Она играет, улыбаясь Тете, и ту, и еще другую, и еще и еще…
Завороженные, сидим мы на старом диване (красный с синим узор ромбиками, от него пахнет детством) и слушаем мамины любимые вещи, знакомые с младенчества, для нас безымянные, так давно мамой не игранные. А мама открывает тетрадь нот, прижимая пальцами страницы, и улыбается Лёре, начинает петь, и Лёра подходит к роялю, и они поют в два голоса, как пели до Италии, до всего… О, как сладко слушать эту знакомую песнь, годы дремавшую, видеть блеск маминых глаз, – болезни н е т, ее этот вечер сжег! В иве, в тополях за окнами, пропавших в синеве ночи, щелкают птицы, запах сирени входит – прохладой. И нет уже ни позднего часа, ни взрослых, ни детей, ни будущего, ни прошлого, ни нас… Ничего в мире нет, кроме песен!
ГЛАВА 8. СМЕРТЬ МАМЫ
Этот вечер был – единственный. Здоровья мамы хватило на одно торжество приезда. Нет, не то. Никакого здоровья не было – но торжество свидания с родным домом, родными деревьями и полями дало ей силы на этот вечер. Но не только это! Она гордо вошла в дом такой, как его почти четыре года назад покинула: сама, без помощи, не снизойдя принять болезнь во внимание. Отстранила ее – и вошла. Смотрела в сад, на орешники, елки, тополя, старую иву, на просвет Оки за распустившимися березами, на заокскую даль, где прошла ее молодость, наше детство. Она дышала сиренью, запахами летнего вечера. Может быть, услышала песню косцов с луга?! Эрнста ли Поссарта и его хор, в котором полтора года назад еще пела, она вспомнила, когда подошла к роялю, когда взглядом попросила, позвала вместе спеть Лёру? Она не пела с того вечера, с того фатального представления во Фрейбурге, на обратном пути с которого ехав, она в ненастный день простудилась и начался ее рецидив. В час торжества, торжества ее голоса, замеченного Поссартом, занавес пал не только на подмостки театра в финале сыгранной пьесы -занавес пал и на ее жизнь…
Я не знаю, сразу ли слегла мама после приезда в Тарусу, выходила ли еще к столу, вышла ли во двор, в сад и в «старый сад», прошла ли хоть раз, опершись о руку папы, по «большой дороге» или по дороге к «пенькам»? Думаю, нет. Думаю – я бы помнила. Я вижу ее только в ее новой комнате с двумя низкими окнами в жасминные кусты. На постели. Постель стояла справа от двери, вдоль стены. В комнату солнце проникало через верхние жасминные ветки. И была зеленая полумгла. Наутро после приезда я вошла в нашу кухню. Там были Андрюша и сторожев Миша. «Ты умеешь вырезать свистульки?» – спросила я брата. Он поглядел на меня, в его взгляде боролись угрюмость, застенчивость. Ему стало меня жаль. «Ну умею, – сказал он, – тебе вырезать?» Я хотела сказать, что я умею, -делюсь с ним этой радостью, но что у меня есть мечта о другом – сделать нечто вроде ряда длинных трубок, как я видела в органе и на картинах в музеях, – но было ясно, что Андрюша торопится. И так было странно глядеть в лицо этого малознакомого юноши, выросшего из товарища нашего детства, знакомиться с ним, понимать, что ему неловко со мной и что он меня совсем не знает, – я уж слышала его: «Ладно, сделаю…» Он уже уходил. Он еще бросил на меня неуловимо изучающий, бегло и застенчиво жалеющий взгляд – и уже они шли, Андрюша и Миша, а я смотрела им вслед.

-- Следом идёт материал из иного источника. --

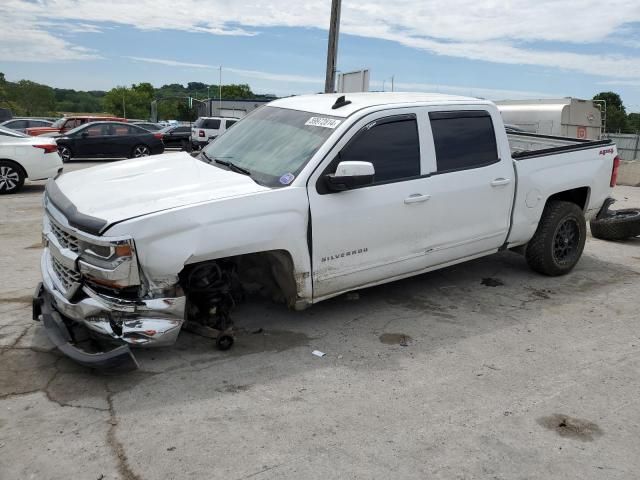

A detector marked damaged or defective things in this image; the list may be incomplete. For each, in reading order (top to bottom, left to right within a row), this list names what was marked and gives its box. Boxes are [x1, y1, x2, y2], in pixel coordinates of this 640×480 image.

front end damage [33, 197, 185, 370]
crumpled bumper [33, 253, 186, 370]
cracked pavement [1, 162, 640, 480]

Зато как ласково, просто, по-родному, и восхищенно глядела на Андрюшу мама, как любовалась им! Он присаживался на край ее кровати, улыбаясь смущенно, а она говорила ему: «Ты похож на неаполитанского юношу! И эта широкополая шляпа очень идет тебе! Я очень рада, что ты учишься играть на гитаре. А на мандолине ты очень недурно играешь – я вчера слышала…»
Прошло несколько дней, быстрых для нас, долгих дней болезни для мамы. И я услышала, как она сказала своему Андрюше, которого пятнадцать лет назад приняла после его умершей матери, годовалым, когда и нас еще не было: «Я тебе оставлю мою гитару…» Она не сказала «подарю», – «оставлю»! О, мы понимали, о чем она! Маруся была тут же. И в быстром переглядывании нашем по обеим прошел озноб.